Free 'King's Speech' screening part of Better Hearing and Speech Month at ASU
Four-time Oscar winner “The King’s Speech” introduced audiences to the speech struggles of King George VI of England, making it a fitting choice to mark Better Hearing and Speech Month in May.
The Department of Speech and Hearing Science will host a free screening of the film on May 12 to celebrate the services provided by professionals in the field of speech and hearing science. In the film, speech therapist Lionel Logue helps the king work through his verbal obstacles and give inspiring speeches to his country at the start of World War II.

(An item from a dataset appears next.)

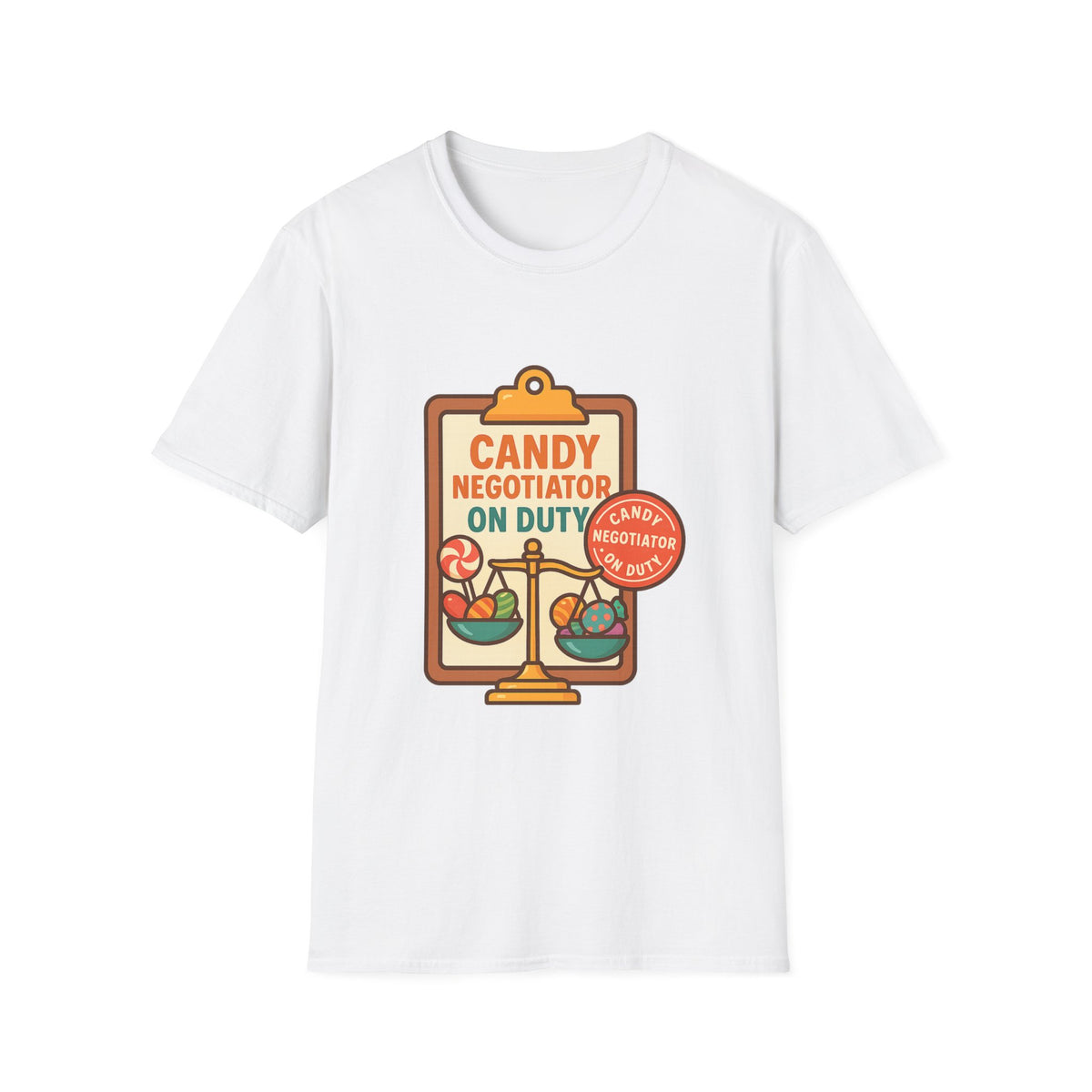Candy Registration Club T-Shirt — Retro Candy Sign Graphic Tee - Trending Now - October 2026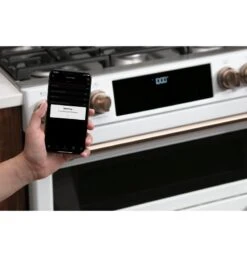 Café™ 30" Smart Slide-In, Front-Control, Gas Double-Oven Range With Convection -Kitchen Appliances Shop frrrpkbdpets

Doors open at 6 p.m. at the Marston Exploratory Theater, in ISTB 4 on the ASU Tempe Campus. The screening, which is open to the public, begins at 6:30 p.m.
The department joins the American Speech-Language-Hearing Association in observing Better Hearing and Speech Month, which occurs each May to raise awareness about communication disorders and the professionals who can help.
The department is also observing National Stuttering Awareness Week, May 11-17. Members of the National Stuttering Association Arizona Chapter are invited to a panel discussion after the screening of “The King’s Speech.”
Local National Stuttering Association chapters meet on the ASU Tempe Campus to provide support and resources. To find a meeting near you, visit www.westutter.org/find-an-nsa-meeting-near-you.
Each year the American Speech-Language-Hearing Association picks a theme to raise awareness about communication disorders. For 2015, the theme is “Early Intervention Counts,” focusing on early detection and treatment. To learn more about communication disorders, visit identifythesigns.org.
ASHA is the national professional, scientific and credentialing association for more than 173,000 audiologists; speech-language pathologists; speech, language and hearing scientists; audiology and speech-language pathology support personnel; and students. Audiologists specialize in preventing and assessing hearing and balance disorders as well as providing treatment, including hearing aids. Speech-language pathologists treat speech and language problems, including swallowing disorders. Find out more at www.asha.org.